🖤26.bölüm🖤

84 47 99
                                    

Bu şarkıyı sadece dinliyordum içinde geçen "bir menekşe kokusunda seni aramak var ya bu hep böyle böyle gider mi?" sözünde geçen menekşelerin aslında kokularının olmadığını öğrendim... Sözün bittiği yer.

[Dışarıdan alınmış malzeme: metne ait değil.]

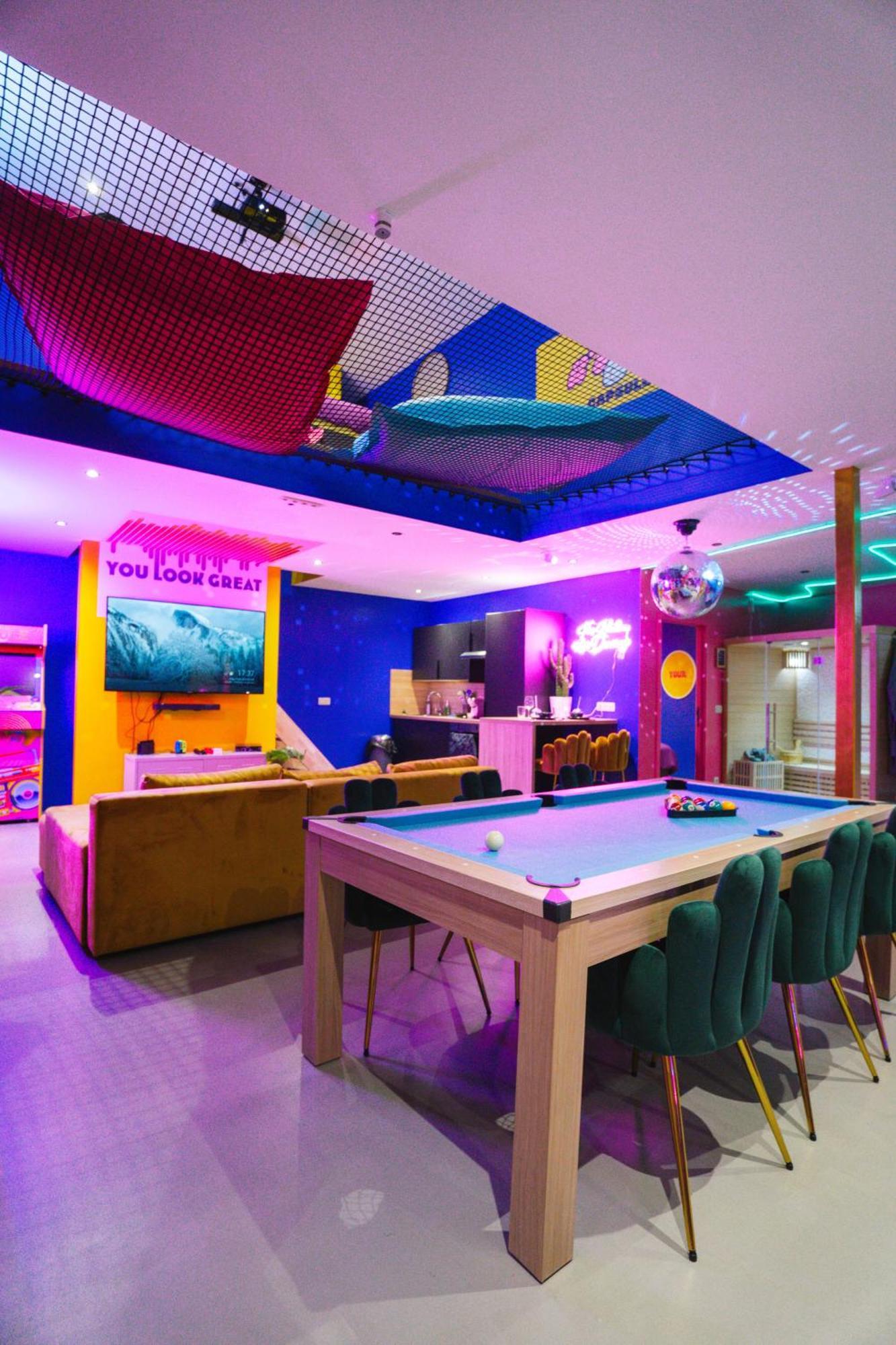 Capsule Boogie-Woogie - Jacuzzi - Sauna - Billard - Jeux - Ecran Geant - Filet Suspendu - Netflix La Louviere Exterior photo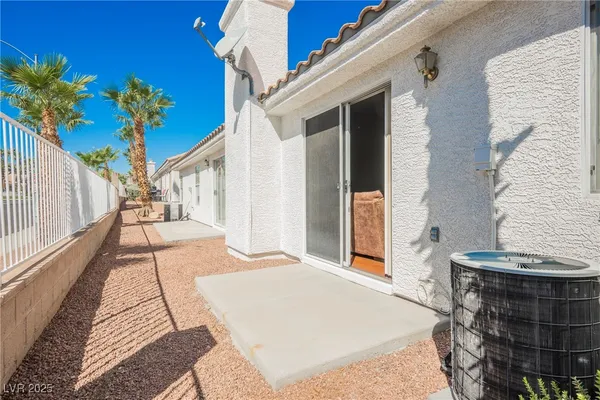 $1,835 | 10017 Oak Creek Canyon Avenue, Las Vegas, NV 89147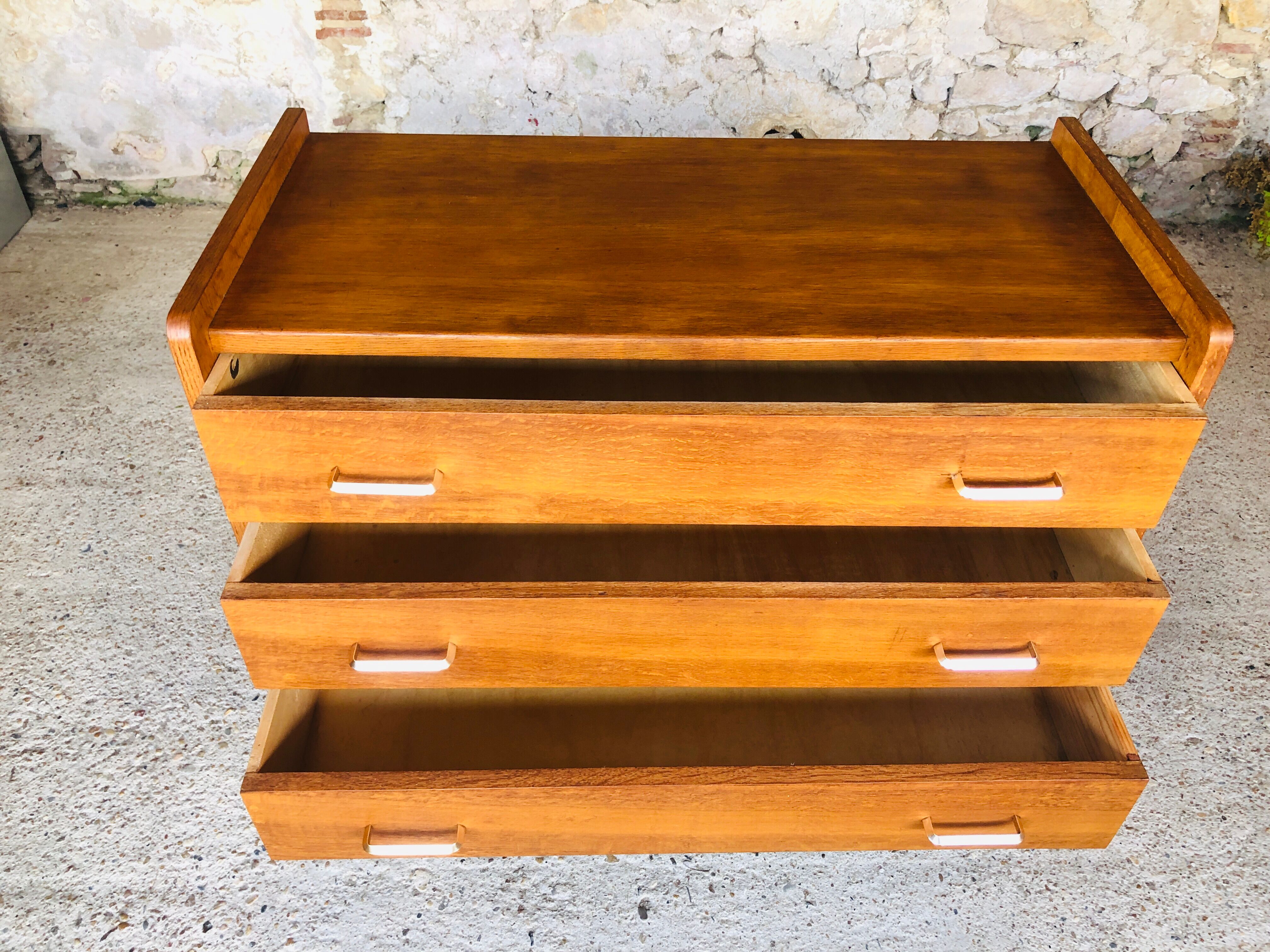 Oak chest of drawers, Scandinavian style, circa 60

2021'in ilk bölümü... Umarım her şey gönlünüzce olur. Ben artık çok mutlu, huzurlu ve istediklerimin çoğunun olduğu bir yıl diliyorum. Peki ya siz?

****

Annem bir sürpriz yapmıştı, Açelya'nın da bizle geleceğini söylemişti. Ben hazırlanırken annem odama gelmişti ona Açelya'nın benim için dedesi ve kardeşini öldürdüğünü şimdide kimsesiz olduğunu söylemiştim, baya üzülmüştü açıkçası. Aradan 15 dakika falan geçtikten sonra tekrar odama gelmiş ve Açelya'nın da bizle geleceğini söylemişti. Çok mutlu olmuş heyecanla anneme sarılmıştım.

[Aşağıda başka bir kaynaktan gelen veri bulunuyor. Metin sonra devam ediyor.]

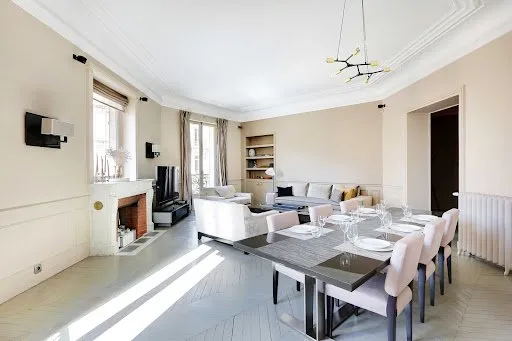 Appartement 4 pièces 155 m²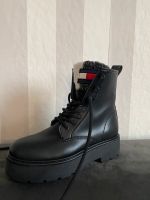 Tommy hilfiger Stiefel Boots Logo Zunge Nordrhein-Westfalen - Oberhausen Vorschau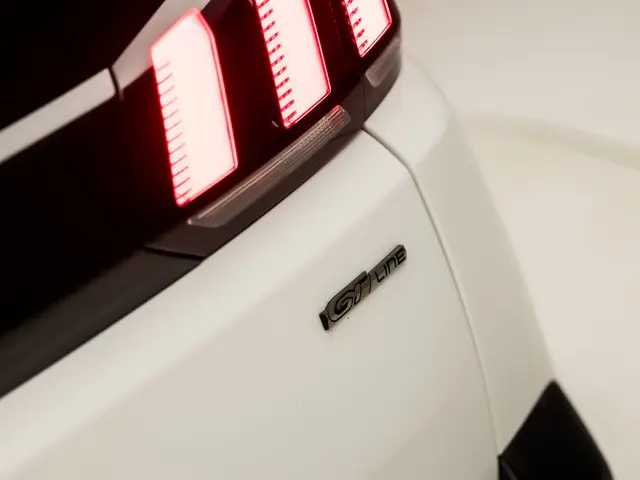 Peugeot 5008 1.2 PureTech GT-Line Deluxe 2018 Benzine 34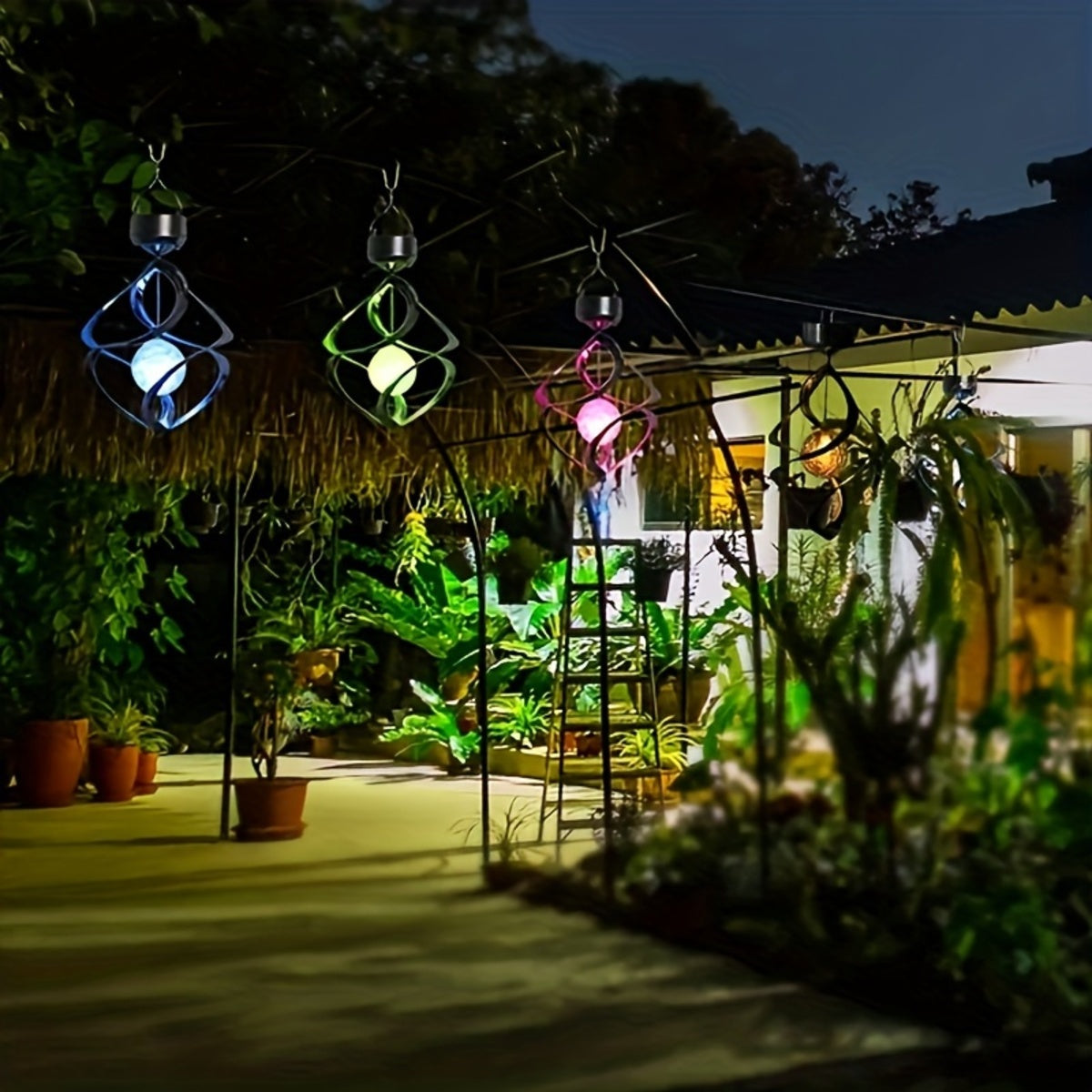 Wind Spinner Solar Light, LED Wind Chimes, Outdoor Decor Changing Color Ball Wind Chimes Solar Hanging Lantern for Home Garden Outdoor Decoration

İşlemlerimizi hallettik uçağın kalkmasına 10 dakika kadar vardı, uçağa binme zamanı gelmişti.

Elimizde çok eşyamız olmadığı için kolayca işimiz bitmişti. Yavaş yavaş uçağa ilerlemeye başladık. 

Kocamandı, hatta gerçekten çok büyüktü. İki buçuk saate yakın bir süre bulutların üstünde...

Kalbim çok daha hızlı atmaya başladı, abartıyordum sanki biraz. Sonuçta ben fantastik bir insandım, bu yaşıma kadar neler neler görmüştüm, ama hiç bulutların üzerinden uçmamıştım. Vazgeçtim bence daha da mutlu olmalıydım.

Uçağın uzun merdiveninden yukarı çıkmaya başladık. Uçağın girişinde bizi iki tane kadın hostes karşıladı. Başlarıyla selam verip 'iyi yolculuklar' dilediler.

Sıra numaramızın olduğu koltukları bulduk ve oturduk, biz iki tane olan koltuğa oturduk Savaşla; Burak ve Okyanusta önümüzdeki koltuğa oturmuşlardı. Uraz ve Açelyada hemen karşı sıramızda ki ikili koltuğa oturmuşlardı, arkamızda benim ve Uraz'ın annesi vardı.

Pilotun sesi duyuldu, uçağın kalkacağını ve kemerlerimizi bağlamamızı söylemişti. Çok kısa bir süre sonra da hostes gelmiş ve kemerlerimizi kontrol etmişti. Ben camdan kenarda oturuyordum, bir yandan da Savaşın elini sıkı sıkı tutuyordum.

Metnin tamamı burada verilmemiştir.